Le 5 juillet 1933, Jules Rivet signe à la une du Canard enchaîné un texte d’une ironie cinglante : « M. Daladier devient enfin un homme d’État ».
Le titre semble d’abord flatteur. Mais sous la plume du Canard, c’est bien sûr un compliment à rebours, une décoration empoisonnée décernée au président du Conseil pour sa conversion tardive au langage officiel de l’impérialisme français.
L’article s’ouvre sur une feinte bienveillance : Rivet rappelle la “sympathie” que le Canard portait à Édouard Daladier, ce radical austère, discret, presque terne, qui paraissait étranger aux cabotins de la République.

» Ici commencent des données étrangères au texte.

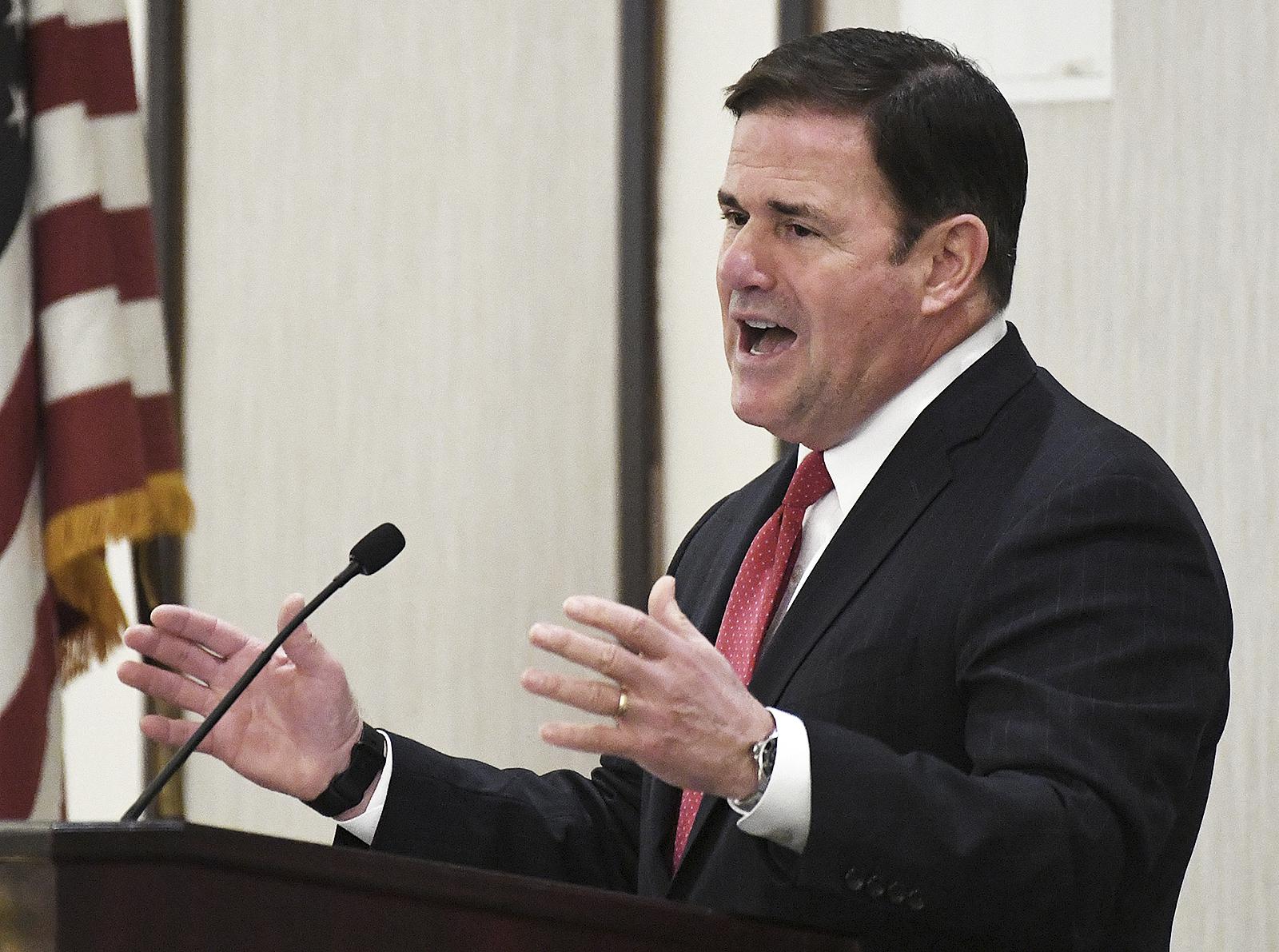 El gobernador de Arizona Ducey no se presenta al Senado, lo que supone un golpe para el reclutamiento del GOP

Ce silence, cette réserve, cette absence de mise en scène avaient presque inspiré de la confiance : “un chef de gouvernement silencieux, recherchant peu les caméras, inapte à poser”, écrit Rivet.

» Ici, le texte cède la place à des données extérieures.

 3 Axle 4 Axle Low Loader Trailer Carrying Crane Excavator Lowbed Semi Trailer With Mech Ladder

Mais voilà qu’en répondant à une interpellation communiste sur la guerre du Rif, Daladier vient de montrer qu’il a compris “comment on gouverne en France” : avec des phrases creuses et des crimes lointains.
Le baptême colonial du “chef d’État”
Au centre de la charge de Rivet se trouve une citation authentique de Daladier, extraite de son discours devant la Chambre :
« Essayer de faire évoluer les populations indigènes dans la paix, en leur prodiguant toutes les preuves de notre sollicitude, telle est la politique traditionnelle de la France. »
C’est cette phrase, d’apparence anodine, qui fait exploser la plume du Canard. Rivet, dans un exercice de pure ironie, feint de saluer le politicien pour avoir enfin trouvé le ton des “vrais hommes d’État” : celui du paternalisme colonial, fait de “sollicitude” et de bombes à fragmentation.
Car ce que Daladier appelle “preuve de sollicitude”, souligne Rivet, c’est une offensive militaire sanglante dans le Rif marocain, qui a coûté, selon les propres chiffres du ministre, “70 tués et 107 blessés”.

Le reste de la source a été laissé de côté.